*TASK BRIEF*
Reproduce exactly the span of lines that opens with the line containing "Klembevestigingsring voor materiaaldikte" and closes with the last line of the entries below.

*GIVEN RECORDS*
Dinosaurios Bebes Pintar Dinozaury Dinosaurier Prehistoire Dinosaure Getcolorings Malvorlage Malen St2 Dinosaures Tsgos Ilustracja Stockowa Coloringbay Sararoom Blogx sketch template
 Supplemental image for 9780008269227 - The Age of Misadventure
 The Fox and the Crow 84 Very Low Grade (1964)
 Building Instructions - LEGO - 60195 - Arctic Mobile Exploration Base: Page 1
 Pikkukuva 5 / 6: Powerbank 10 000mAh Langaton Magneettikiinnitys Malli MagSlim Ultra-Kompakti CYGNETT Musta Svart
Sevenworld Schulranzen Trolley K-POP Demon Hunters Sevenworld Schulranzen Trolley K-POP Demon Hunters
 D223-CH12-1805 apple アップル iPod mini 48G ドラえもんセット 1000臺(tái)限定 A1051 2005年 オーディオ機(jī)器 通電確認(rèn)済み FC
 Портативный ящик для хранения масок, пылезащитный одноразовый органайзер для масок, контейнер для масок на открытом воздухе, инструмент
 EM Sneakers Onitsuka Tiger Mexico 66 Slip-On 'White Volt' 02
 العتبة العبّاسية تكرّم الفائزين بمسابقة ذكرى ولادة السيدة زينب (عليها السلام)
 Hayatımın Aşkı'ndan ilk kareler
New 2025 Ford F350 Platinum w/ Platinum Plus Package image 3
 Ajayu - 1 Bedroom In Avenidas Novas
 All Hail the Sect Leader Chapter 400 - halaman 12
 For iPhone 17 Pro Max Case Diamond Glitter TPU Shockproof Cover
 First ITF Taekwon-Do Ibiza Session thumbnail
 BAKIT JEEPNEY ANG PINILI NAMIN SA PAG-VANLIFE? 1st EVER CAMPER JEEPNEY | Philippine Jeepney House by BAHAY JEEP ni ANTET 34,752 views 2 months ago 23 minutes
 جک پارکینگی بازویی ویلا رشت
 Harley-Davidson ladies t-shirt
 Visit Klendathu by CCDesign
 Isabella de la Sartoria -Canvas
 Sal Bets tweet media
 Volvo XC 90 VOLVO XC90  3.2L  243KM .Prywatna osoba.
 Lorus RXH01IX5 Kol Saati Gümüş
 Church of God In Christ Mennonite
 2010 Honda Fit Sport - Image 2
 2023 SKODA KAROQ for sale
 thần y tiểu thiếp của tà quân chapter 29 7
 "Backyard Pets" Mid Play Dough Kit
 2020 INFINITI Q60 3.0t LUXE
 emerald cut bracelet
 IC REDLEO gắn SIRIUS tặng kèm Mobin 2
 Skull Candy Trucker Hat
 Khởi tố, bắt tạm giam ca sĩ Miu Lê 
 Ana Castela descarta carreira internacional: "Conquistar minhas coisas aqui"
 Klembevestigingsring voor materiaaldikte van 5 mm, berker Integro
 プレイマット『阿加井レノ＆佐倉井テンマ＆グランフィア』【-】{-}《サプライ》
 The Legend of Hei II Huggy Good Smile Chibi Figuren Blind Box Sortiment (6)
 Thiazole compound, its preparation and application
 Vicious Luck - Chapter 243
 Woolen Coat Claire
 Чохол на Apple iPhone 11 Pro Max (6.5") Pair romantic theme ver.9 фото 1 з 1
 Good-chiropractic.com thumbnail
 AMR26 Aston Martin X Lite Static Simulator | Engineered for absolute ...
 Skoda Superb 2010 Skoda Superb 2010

*WRITTEN REPLY*
 Klembevestigingsring voor materiaaldikte van 5 mm, berker Integro
 プレイマット『阿加井レノ＆佐倉井テンマ＆グランフィア』【-】{-}《サプライ》
 The Legend of Hei II Huggy Good Smile Chibi Figuren Blind Box Sortiment (6)
 Thiazole compound, its preparation and application
 Vicious Luck - Chapter 243
 Woolen Coat Claire
 Чохол на Apple iPhone 11 Pro Max (6.5") Pair romantic theme ver.9 фото 1 з 1
 Good-chiropractic.com thumbnail
 AMR26 Aston Martin X Lite Static Simulator | Engineered for absolute ...
 Skoda Superb 2010 Skoda Superb 2010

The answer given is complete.